Friday 22 March 2013

'We hunger against hope for that lost heritage'

G. F. Watts, The Happy Warrior

The Age Of A Dream

Imageries of dreams reveal a gracious age:
Black armour, falling lace, and altar lights at morn.
The courtesy of Saints, their gentleness and scorn,
Lights on an earth more fair, than shone from Plato's page:
The courtesy of knights, fair calm and sacred rage:
The courtesy of love, sorrow for love's sake borne.
Vanished, those high conceits! Desolate and forlorn,
We hunger against hope for that lost heritage.

Gone now, the carven work! Ruined, the golden shrine!
No more the glorious organs pour their voice divine;
No more rich frankincense drifts through the Holy Place:
Now from the broken tower, what solemn bell still tolls,
Mourning what piteous death? Answer, O saddened souls!
Who mourn the death of beauty and the death of grace.

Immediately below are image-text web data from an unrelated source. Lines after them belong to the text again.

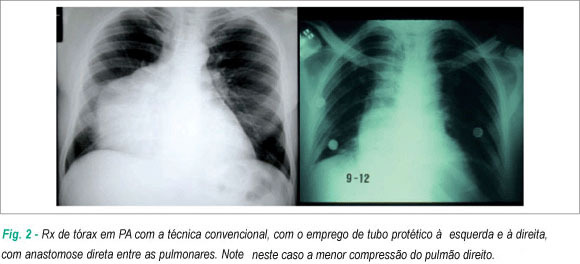 Imagem 2 da galeria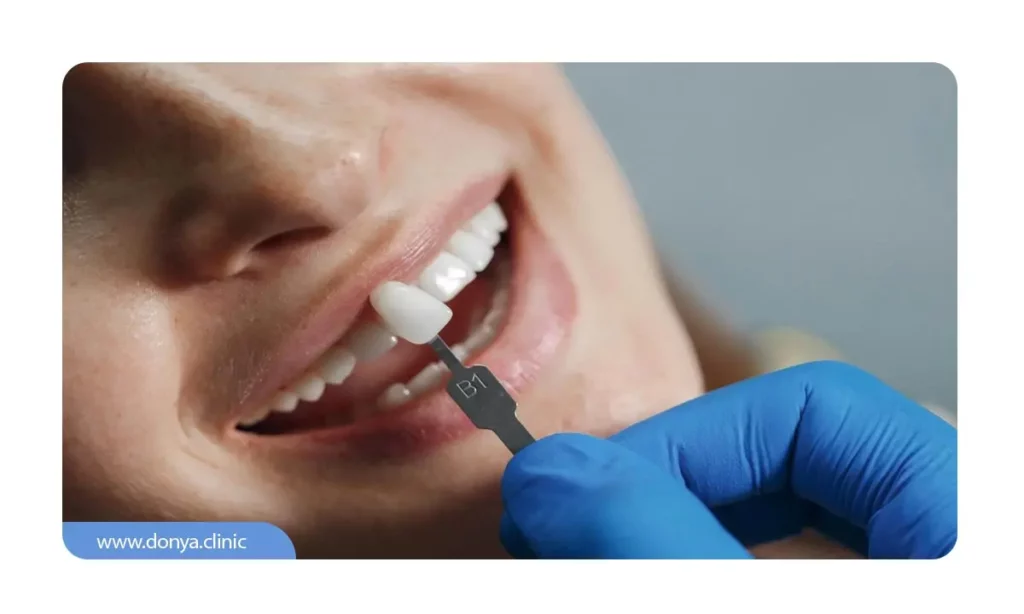 لمینت دندان چیست؟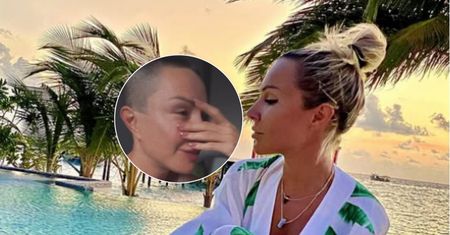 Blanka Lipińska mogła stracić wzrok. "Pies rozszarpał mi pół twarzy". Wraca do tragedii
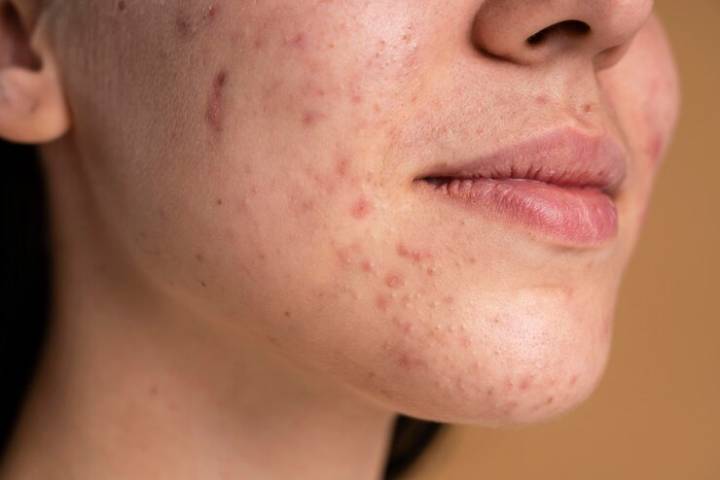 acne-puede-aparecer-a-cualquier-edad-pero-es-mas-comun-en-la-adolescencia imagen de artículo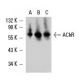 Nicotinic Acetylcholine Receptor alpha/CHRNA Antibody (G10) - Western Blotting - Image 11697
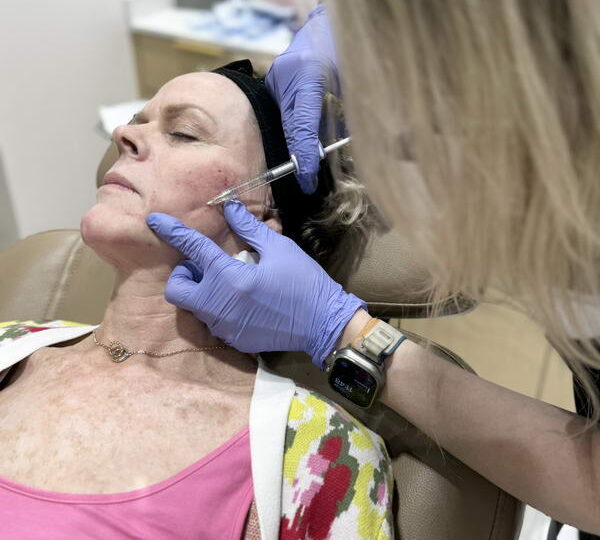 Areas of the face treated with dermal fillers at Glow Theory in Carlsbad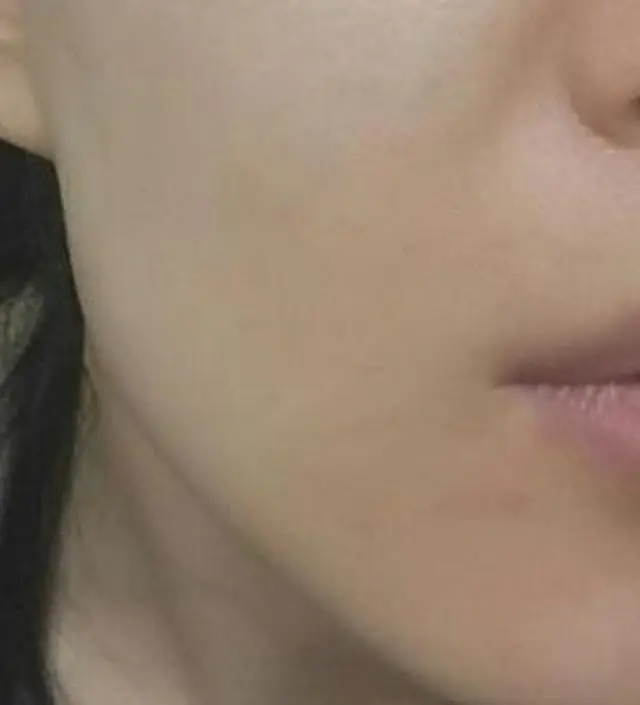 갈락토미 나이아신 에센스 50ml
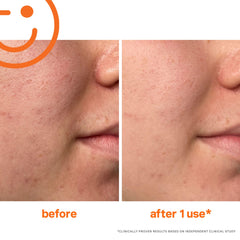 Kate Somerville Exfolikate Intensive features lactic acid and fruit enzymes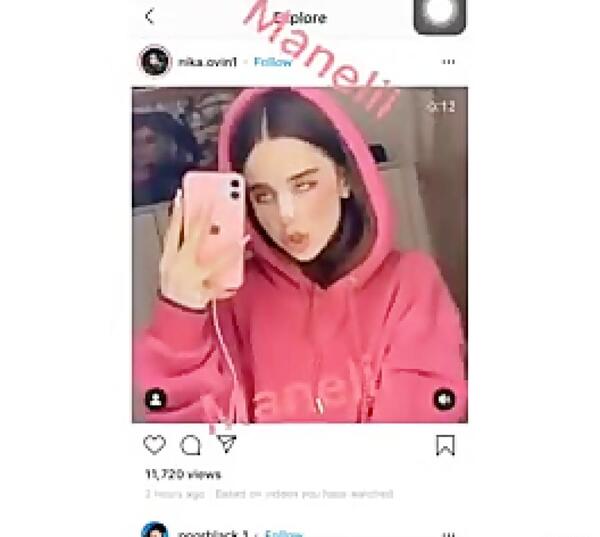 عکس نیکا فلاحی بعد از عمل زیبایی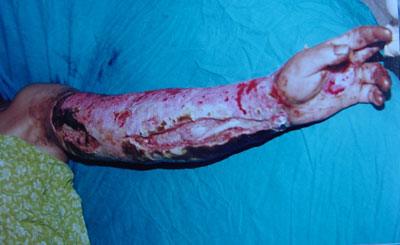snake bite result 1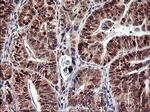 TP73 Antibody in Immunohistochemistry (Paraffin) (IHC (P))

J. W. Waterhouse, The Missal

This little piece of wistful medievalism is by Lionel Johnson (1867-1902).  Johnson is a largely forgotten poet now, and his biggest claim to fame - such as it is! - is that he was the one who first introduced Lord Alfred Douglas, his friend at school and university, to Oscar Wilde.  So that's one legacy to literary history; a more substantial one is that he wrote the first critical study of Thomas Hardy's novels, published in 1894, before Hardy had quite finished writing them.  'The Age of A Dream' begins to make sense when we read that Johnson's DNB entry describes his time at Oxford thus:
Oxford reinforced his love of tradition, and, although one finds him beginning to associate not so much with the living as with those who enliven the literary gathering of his imagination, he was not yet the recluse of his later years.
Those later years were unhappy ones: he became an alcoholic, living alone in London, and died at the age of only 35.  The 1913 Catholic Encyclopedia entry (he converted to Catholicism in 1891) describes him as follows:

He was a small, frail, young-looking man, with a fine head and brow, quick of foot, gentle of voice, and with manners of grave courtesy. He greatly loved his friends in a markedly spiritual way, always praying for them, absent or present. His sound Catholic principles, his profound scholarship, his artistic sensitiveness, his play of wisdom and humor, his absolute literary honour, with its "passion for perfection" from the first, show nobly in his prose work.